2020 : Histoire de la publicité Negrita – Guide du Bordeaux Colonial

L’histoire de la marque Negrita est indissociable de celle de Bordeaux et de son passé colonial. Pour explorer cette dimension complexe, je vous propose la retranscription d’une émission du « Guide du Bordeaux Colonial », réalisée par le réseau « Sortir du Colonialisme 33 » et diffusée sur La Clé des Ondes.

Ce document analyse l’imagerie de la marque, de ses débuts à ses évolutions, en la replaçant dans le contexte historique et social qui l’a vue naître.

Partager ce regard extérieur et critique est essentiel à la démarche de cette collection. Comme je l’évoque dans mon article manifeste, mon rôle n’est pas seulement de conserver des objets, mais aussi de fournir les clés pour comprendre l’histoire qu’ils racontent, dans toute sa complexité.

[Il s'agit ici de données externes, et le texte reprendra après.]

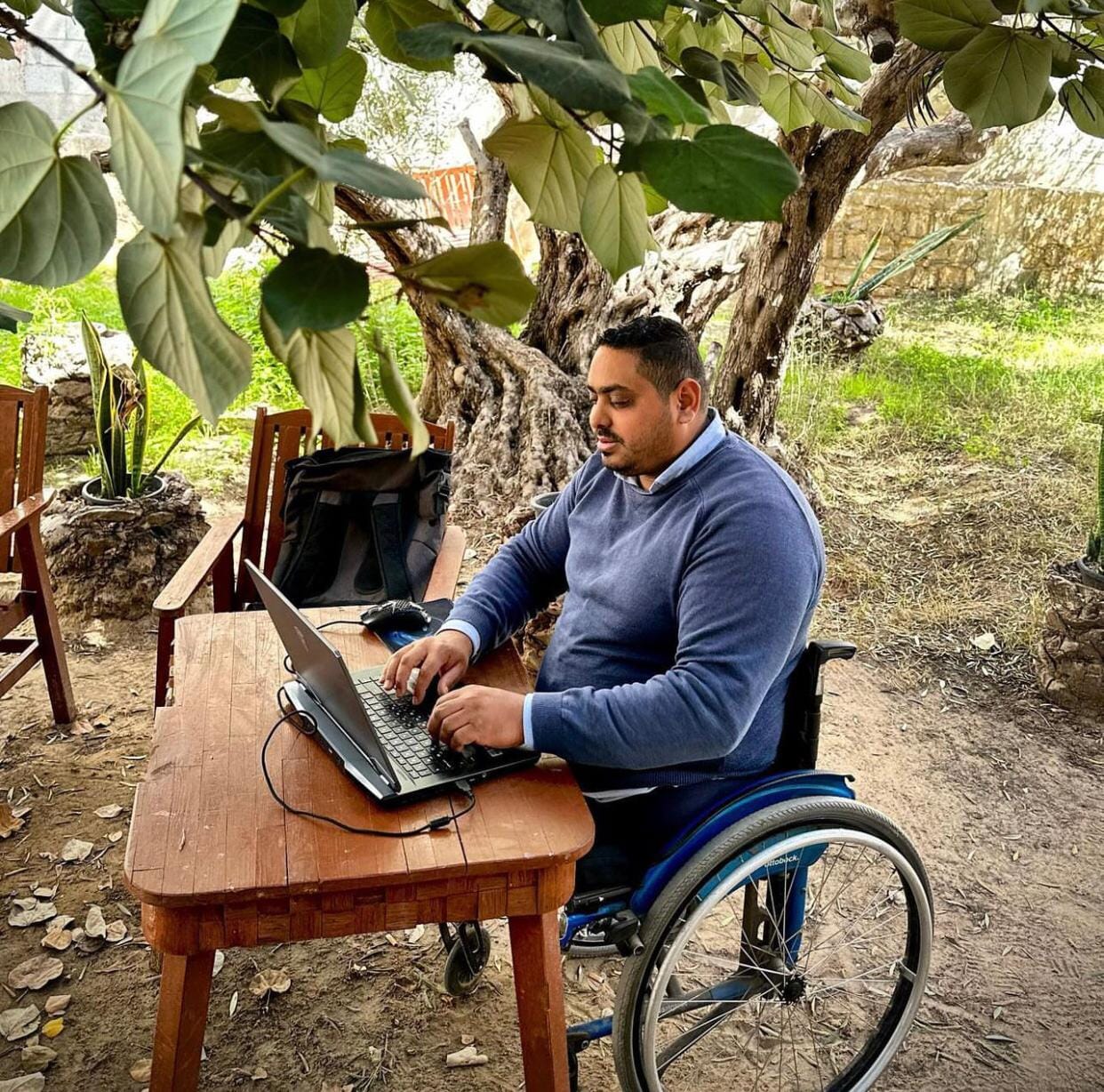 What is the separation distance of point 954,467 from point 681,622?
15.5ft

Source : assopourquoipas.org

======

Transcription de la vidéo :

Transcription de la Vidéo : Le Guide du Bordeaux Colonial – Le Rhum Negrita

 

(Introduction musicale)

Le Guide du Bordeaux Colonial, une émission du réseau « Sortir du Colonialisme 33 », sur la Clé des Ondes, 90.1, et sur lacledesondes.fr.

(Musique)

Nous allons aujourd’hui travailler sur la réflexion autour du rhum Negrita et l’histoire du rhum à Bordeaux.

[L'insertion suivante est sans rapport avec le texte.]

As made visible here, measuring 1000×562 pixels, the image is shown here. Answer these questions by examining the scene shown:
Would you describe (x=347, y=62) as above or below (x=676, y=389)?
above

Alors, pour continuer notre tour des apéritifs coloniaux, nous terminons sur l’alcool le plus emblématique du commerce maritime : le rhum. Bordeaux, par sa place privilégiée dans le commerce au long cours et notamment ses liens avec les Antilles, est la capitale du rhum de la métropole française. En effet, à Bordeaux, on reçoit le sucre, on le raffine et on le réexpédie. Il y a, en 1840, 35 raffineries de sucre dans la ville.

Il est intéressant de remarquer que l’histoire de la consommation du rhum est en lien avec les grands événements coloniaux, mais aussi décoloniaux du XIXe siècle. En effet, le rhum est connu aux Antilles dès le XVIIe siècle. Il est issu du vesou, c’est-à-dire le jus de la canne à sucre lorsqu’elle est broyée, qui permet de produire du sucre de canne et le rhum.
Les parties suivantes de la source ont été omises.